Telomeres, the complex structures that protect the end of chromosomes, of peripheral blood cells are significantly shorter in patients with familial breast cancer than in the general population. Results of the study carried out by the Human Genetics Group of the Spanish National Cancer Research Centre (CNIO), led by Javier Benitez, to be published in open-access journal PLoS Genetics on July 28th, reflect that familial, but not sporadic, breast cancer cases are characterized by shorter telomeres. Importantly, they also provide evidence for telomere shortening as a mechanism of genetic anticipation, the successively earlier onset of cancer down generations.
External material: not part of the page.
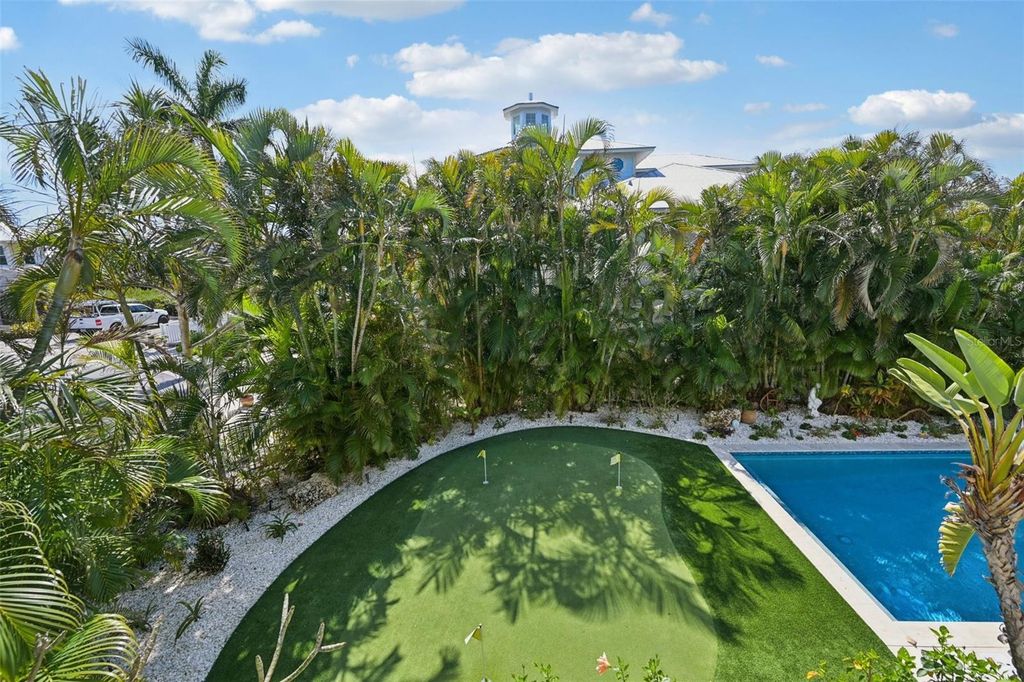 Image 34 of property listing at 316 HAMMOCK CIRCLE, Anna Maria, FL 34216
Mutations in two DNA repair genes, BRCA1 and BRCA2, characterize some, but not all, instances of hereditary breast cancer. Non-BRCA1/2 breast cancer families are heterogeneous, suggesting the existence of other genes conferring susceptibility. The group has investigated the role of telomere length in hereditary breast cancer based on previous information suggesting, first, that short telomeres and subsequent genomic instability contribute to malignant transformation; second, that genetic anticipation occurs in breast cancer families and, third, that telomere shortening is associated with anticipation in other genetic diseases. [googlead tip=”vertical_mare” aliniat=”stanga”]

By analyzing telomere length differences between mothers and daughters from breast cancer families, the authors demonstrated that genetic anticipation is associated with a decrease in telomere length in affected daughters relative to their mothers.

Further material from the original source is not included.